While it was a great idea to name each person for posterity, the numbers are written on the front of the photo in India ink. Here are the identifications:
no.1 Is my feller
” 2 Nans feller
” 3 Papa
” 4 Nan
” 5 me
” 6 Mamma
” 7 Mrs. Ashcroft (a neighbor)
” 8 Miss Smith (the school teacher)
” 9 is Miss Smiths feller
” 10 Lucile
” 11 Pleasant
” 12 Mabel
That’s all she wrote. I’m sure you’ve seen other examples of photos identified with arrows or x‘s, but if you really want future generations to be able to say who’s who, follow these three steps.
1. Never write on the front. On the back is OK if you use a soft lead pencil for cardboard-mounted images, or a special photo-marking pen (such as a Zig marker) for 20th-century resin-coated snapshots. You can tag digital images using photo organizing or editing software.
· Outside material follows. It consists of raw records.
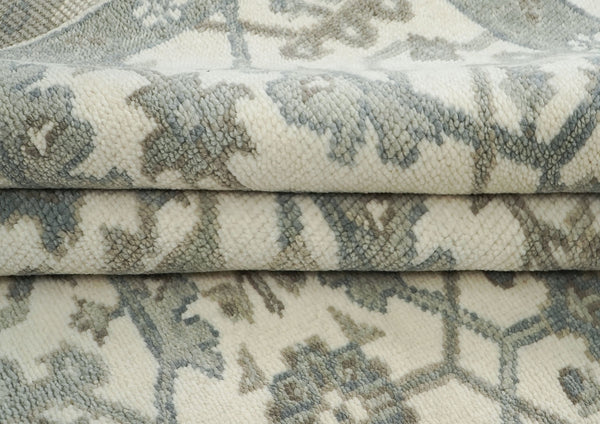 8x10 Ivory, Gray, Beige Color Hand Knotted Oushak Wool Transitional Oriental Rug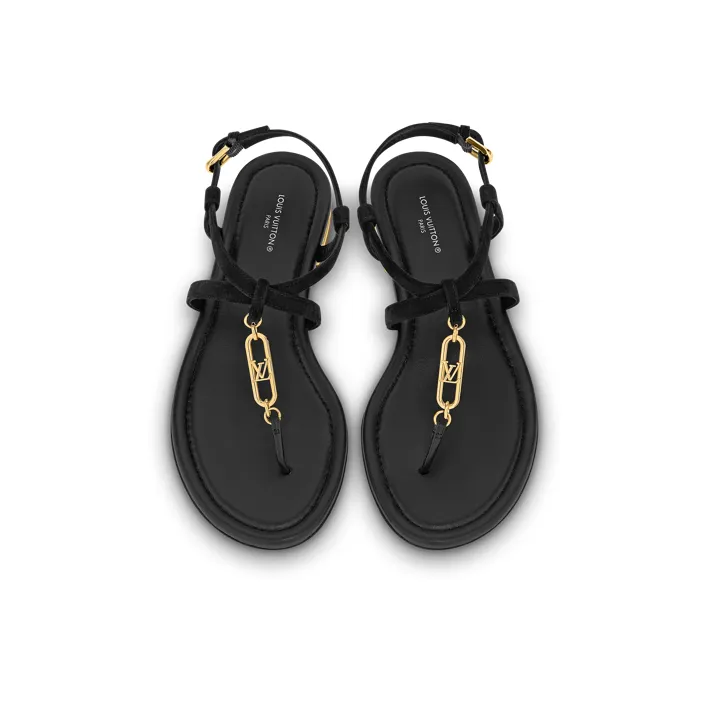LOUIS VUITTON Dita One Strap Sandals Women's Black-3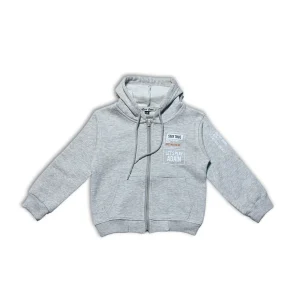 Kids Zipper Hoodie Grey Stay Brave Print front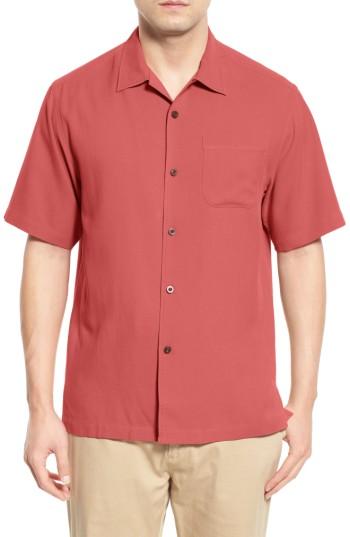 Men's Tommy Bahama 'catalina Twill' Original Fit Silk Camp Shirt, Size - Pink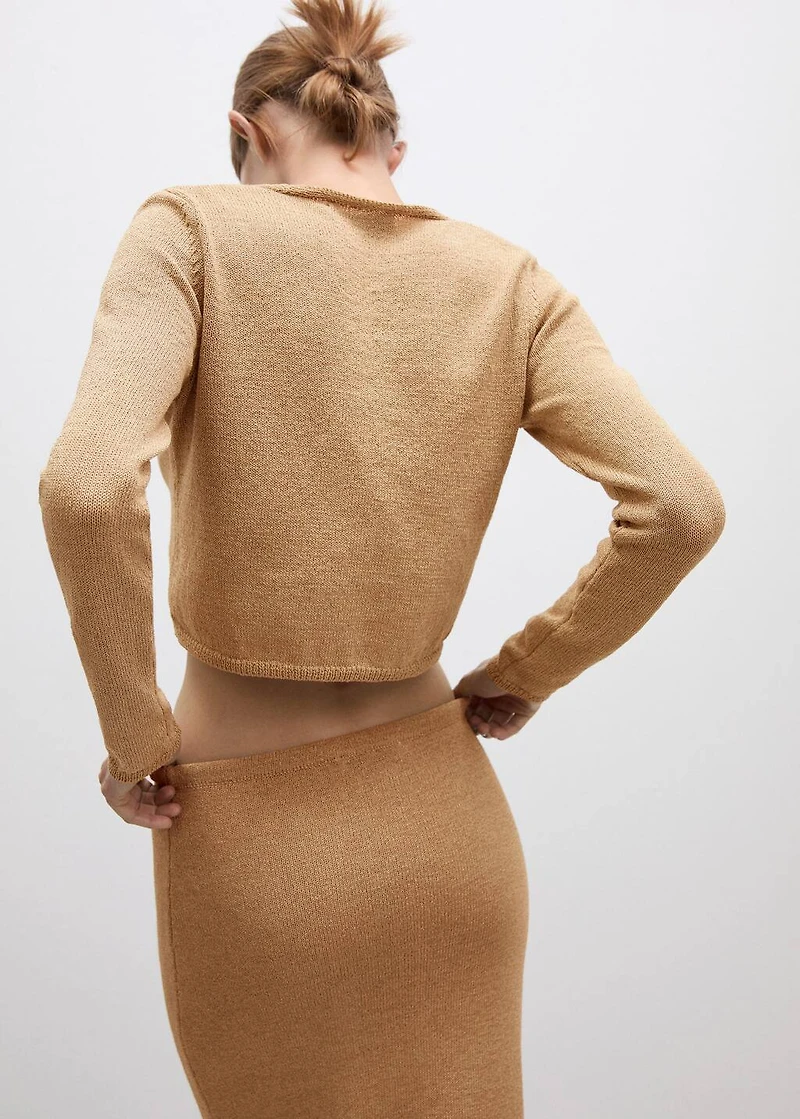 Knitted cardigan with bow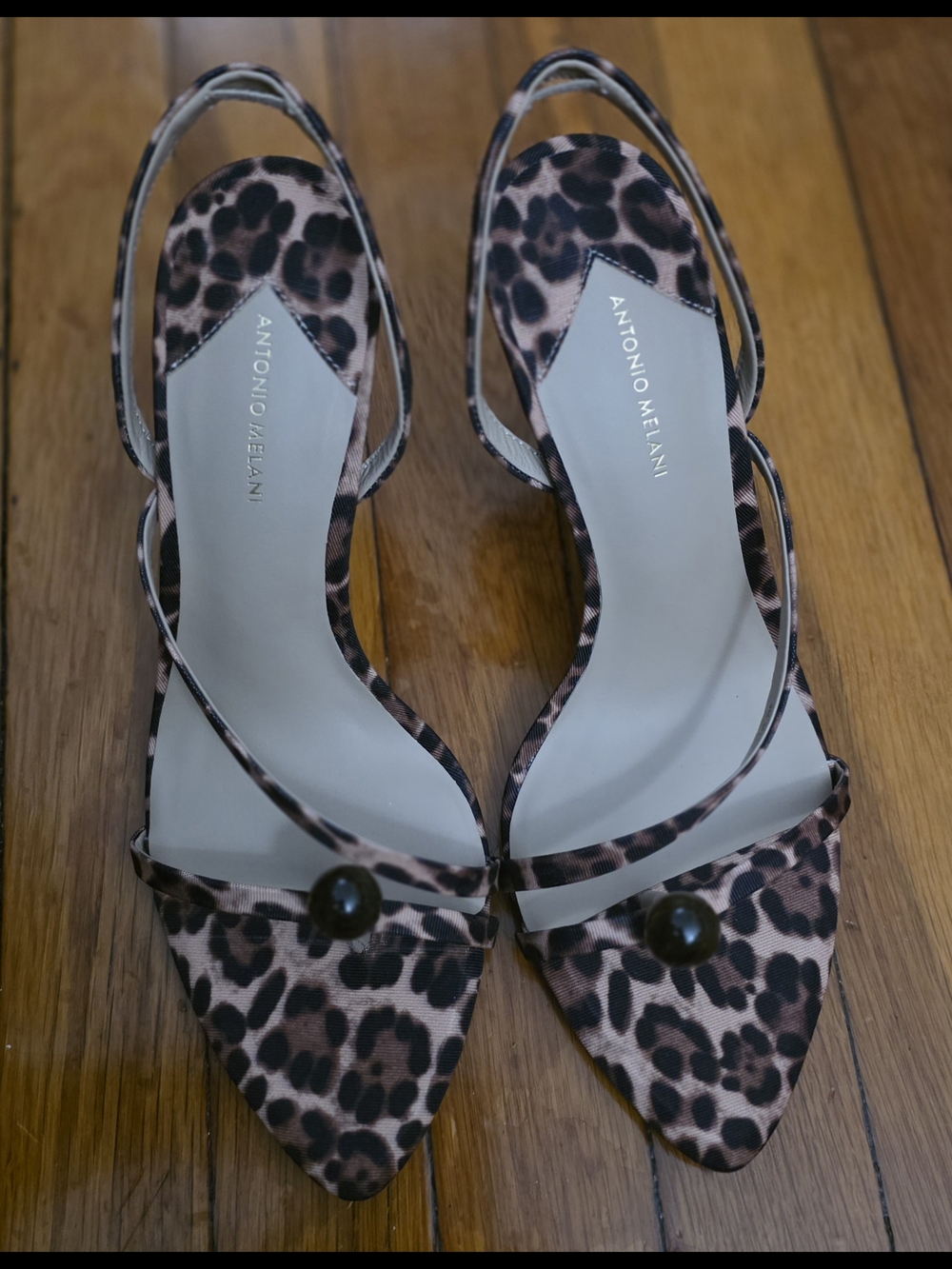 ANTONIO MELANI Leopard-Print Pointed Slingback Heels - Brown/Black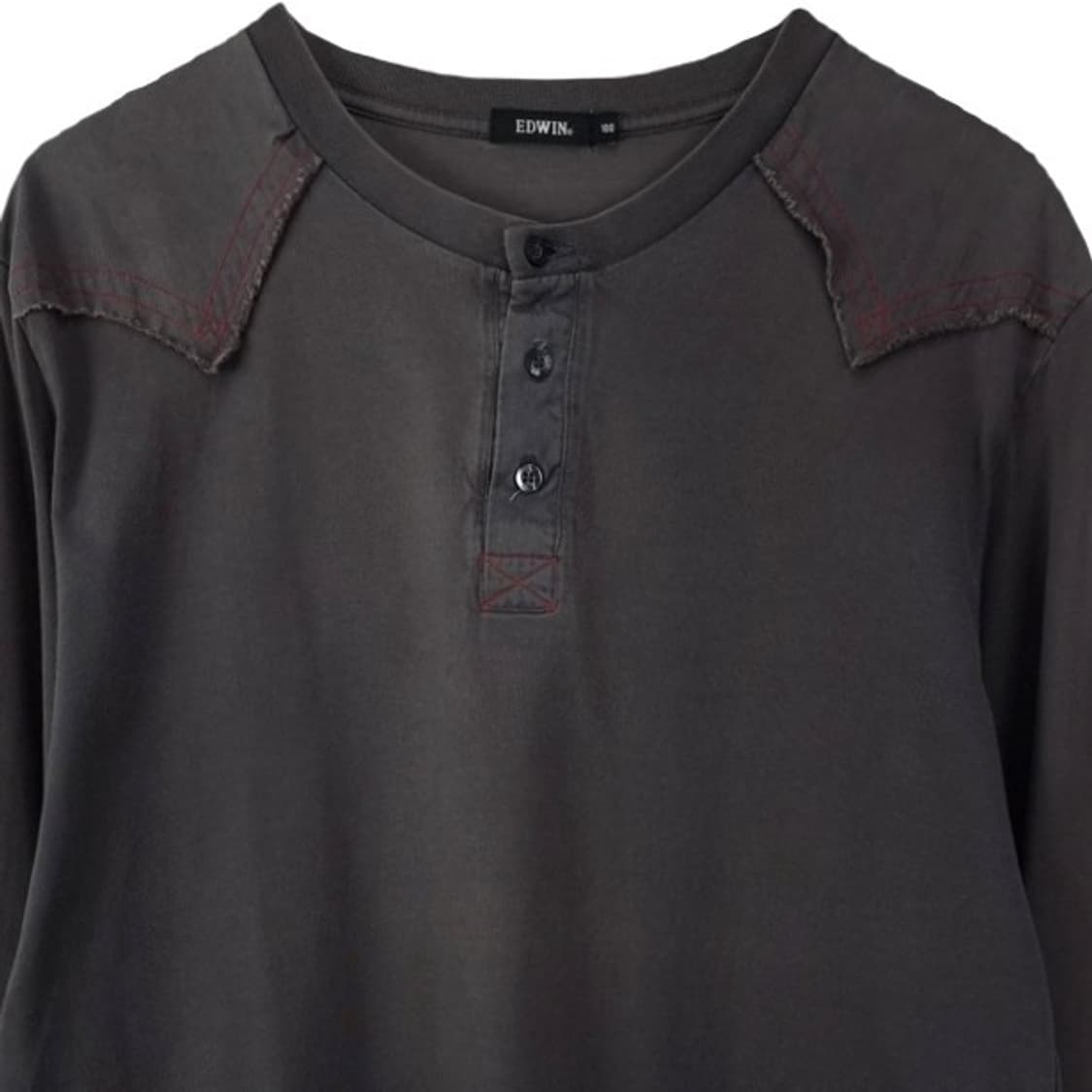 [에드윈] 빈티지 요크 헨리넥 롱슬리브 긴팔티 챠콜 M19734 상품이미지4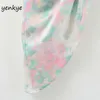 Tie-dye Print Sling Sexy Dress Romantic Women Backless Sleeveless Side Drawstring Asymmetric Satin Chiffon Summer 210514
2. Use the full name whenever possible. Wouldn’t it be great to know who “Nan’s feller” was? While this woman knew everyone’s name, it’s doubtful that identification lasted past her generation.
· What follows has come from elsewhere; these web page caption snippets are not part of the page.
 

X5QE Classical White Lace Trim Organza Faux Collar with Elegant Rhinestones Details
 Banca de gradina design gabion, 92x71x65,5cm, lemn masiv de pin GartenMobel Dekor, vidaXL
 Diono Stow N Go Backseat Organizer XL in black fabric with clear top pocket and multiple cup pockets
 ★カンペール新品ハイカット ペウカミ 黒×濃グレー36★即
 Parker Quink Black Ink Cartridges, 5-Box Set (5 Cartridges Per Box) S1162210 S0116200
3. We’ll probably never know why all these folks got together on a summer’s day. If there’s a special occasion associated with the image, include a short note.
If you’re curious about when this picture was taken, look at the hats on the neighbor (7) and the school teacher (8). Those broad-brimmed, deep-crowned chapeaus were very common in the 1910 era. By the way, this is a postcard, and the design on the back first became available in late 1907.